Sun Landscape further argues that the contract was orally modified. While parties may by mutual assent modify an existing contract if based on additional consideration, County of Morris v. Fauver, 153 N.J. 80, 99-100 (1998), nothing in the record suggests that Cobblestone, either expressly or impliedly, agreed to any modifications or provided additional consideration. Without evidence of mutual assent, unilateral statements or actions made after an agreement has been reached will not serve to modify the original terms of a contract. Id. at 100.
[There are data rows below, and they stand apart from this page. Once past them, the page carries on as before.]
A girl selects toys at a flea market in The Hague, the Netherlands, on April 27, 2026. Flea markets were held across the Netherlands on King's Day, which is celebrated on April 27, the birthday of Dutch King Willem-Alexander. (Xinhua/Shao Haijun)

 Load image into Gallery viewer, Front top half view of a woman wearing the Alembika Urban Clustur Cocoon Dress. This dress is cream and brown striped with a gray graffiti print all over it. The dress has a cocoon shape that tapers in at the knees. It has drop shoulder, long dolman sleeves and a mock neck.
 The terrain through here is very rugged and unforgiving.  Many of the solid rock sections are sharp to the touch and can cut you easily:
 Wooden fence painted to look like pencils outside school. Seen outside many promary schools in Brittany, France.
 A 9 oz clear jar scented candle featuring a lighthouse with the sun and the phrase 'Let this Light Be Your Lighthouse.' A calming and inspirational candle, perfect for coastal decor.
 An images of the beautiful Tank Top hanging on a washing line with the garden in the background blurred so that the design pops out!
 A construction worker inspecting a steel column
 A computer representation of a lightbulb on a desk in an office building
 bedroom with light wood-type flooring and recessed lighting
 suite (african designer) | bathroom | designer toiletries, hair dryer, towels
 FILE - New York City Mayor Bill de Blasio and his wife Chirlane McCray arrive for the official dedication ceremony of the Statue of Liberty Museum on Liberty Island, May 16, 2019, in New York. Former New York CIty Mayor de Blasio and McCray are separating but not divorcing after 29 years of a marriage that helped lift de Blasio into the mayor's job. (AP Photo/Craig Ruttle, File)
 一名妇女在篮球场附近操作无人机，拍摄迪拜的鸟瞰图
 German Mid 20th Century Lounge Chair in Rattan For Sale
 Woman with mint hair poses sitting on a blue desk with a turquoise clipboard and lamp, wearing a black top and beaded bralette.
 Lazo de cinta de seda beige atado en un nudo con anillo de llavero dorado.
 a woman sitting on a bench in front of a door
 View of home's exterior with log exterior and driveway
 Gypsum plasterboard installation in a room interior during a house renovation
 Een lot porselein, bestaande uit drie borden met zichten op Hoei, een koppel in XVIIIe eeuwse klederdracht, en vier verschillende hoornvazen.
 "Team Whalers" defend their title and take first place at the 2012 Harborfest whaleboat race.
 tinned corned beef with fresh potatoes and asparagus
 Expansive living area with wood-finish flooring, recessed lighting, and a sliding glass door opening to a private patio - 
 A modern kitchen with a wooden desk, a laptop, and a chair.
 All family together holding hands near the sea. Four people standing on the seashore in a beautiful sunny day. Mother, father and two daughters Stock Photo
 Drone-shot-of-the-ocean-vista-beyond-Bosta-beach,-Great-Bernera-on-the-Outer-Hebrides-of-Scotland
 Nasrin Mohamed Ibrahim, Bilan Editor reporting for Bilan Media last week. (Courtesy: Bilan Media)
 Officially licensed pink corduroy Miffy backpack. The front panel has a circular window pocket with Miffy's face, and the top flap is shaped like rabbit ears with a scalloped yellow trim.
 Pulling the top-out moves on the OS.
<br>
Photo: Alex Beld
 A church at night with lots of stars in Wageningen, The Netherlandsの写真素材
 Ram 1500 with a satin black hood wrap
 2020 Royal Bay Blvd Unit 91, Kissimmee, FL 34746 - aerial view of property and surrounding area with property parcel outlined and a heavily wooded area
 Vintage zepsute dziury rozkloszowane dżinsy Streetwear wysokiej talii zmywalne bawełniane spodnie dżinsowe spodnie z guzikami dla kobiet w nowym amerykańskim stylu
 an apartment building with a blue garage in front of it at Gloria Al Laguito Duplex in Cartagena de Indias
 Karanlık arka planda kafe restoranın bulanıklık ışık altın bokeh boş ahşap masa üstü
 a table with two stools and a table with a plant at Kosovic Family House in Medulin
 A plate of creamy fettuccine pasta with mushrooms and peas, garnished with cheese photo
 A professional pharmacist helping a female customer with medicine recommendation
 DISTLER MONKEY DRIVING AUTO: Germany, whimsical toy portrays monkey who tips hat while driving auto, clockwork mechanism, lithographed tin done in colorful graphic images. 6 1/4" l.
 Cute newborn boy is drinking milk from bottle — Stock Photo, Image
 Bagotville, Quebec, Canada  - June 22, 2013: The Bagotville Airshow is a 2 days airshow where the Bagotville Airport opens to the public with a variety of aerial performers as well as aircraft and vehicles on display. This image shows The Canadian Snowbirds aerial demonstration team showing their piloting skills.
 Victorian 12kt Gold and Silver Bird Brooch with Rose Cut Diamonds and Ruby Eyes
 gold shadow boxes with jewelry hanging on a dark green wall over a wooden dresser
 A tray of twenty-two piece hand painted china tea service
Finally, Sun Landscape asserts that equitable principles should estopp Cobblestone from enforcing the contract because Cobblestone "never sought to enforce that portion of the contract that allegedly required Sun Landscape to constantly monitor the property for ice during 'freezing weather.'" This argument equally fails for insufficient proof. Without providing any evidence that Cobblestone induced good faith reliance, Sun Landscape cannot justify applying equitable estoppel. See id. at 104.
Nor can it justify applying waiver. While "the intention to waive need not be stated expressly but may be spelled out from a state of facts exhibiting full knowledge of circumstances producing a right and continuing indifference to the exercise of that right," Scibek v. Longette, 339 N.J. Super. 72, 83 (App. Div. 2001) (quoting Merchants Indem. Corp. v. Eggleston, 68 N.J. Super. 235, 254 (App. Div. 1961), aff'd, 37 N.J. 114 (1962)), the record admits of no evidence establishing "continuing indifference." Neither Cobblestone's alleged failure to enforce the contract nor Cobblestone's alleged phone calls asking for ice removal, without any evidence of regularity or prevailing weather conditions, suggests having waived the terms of the contract. Enforcing the contract is thus not inequitable.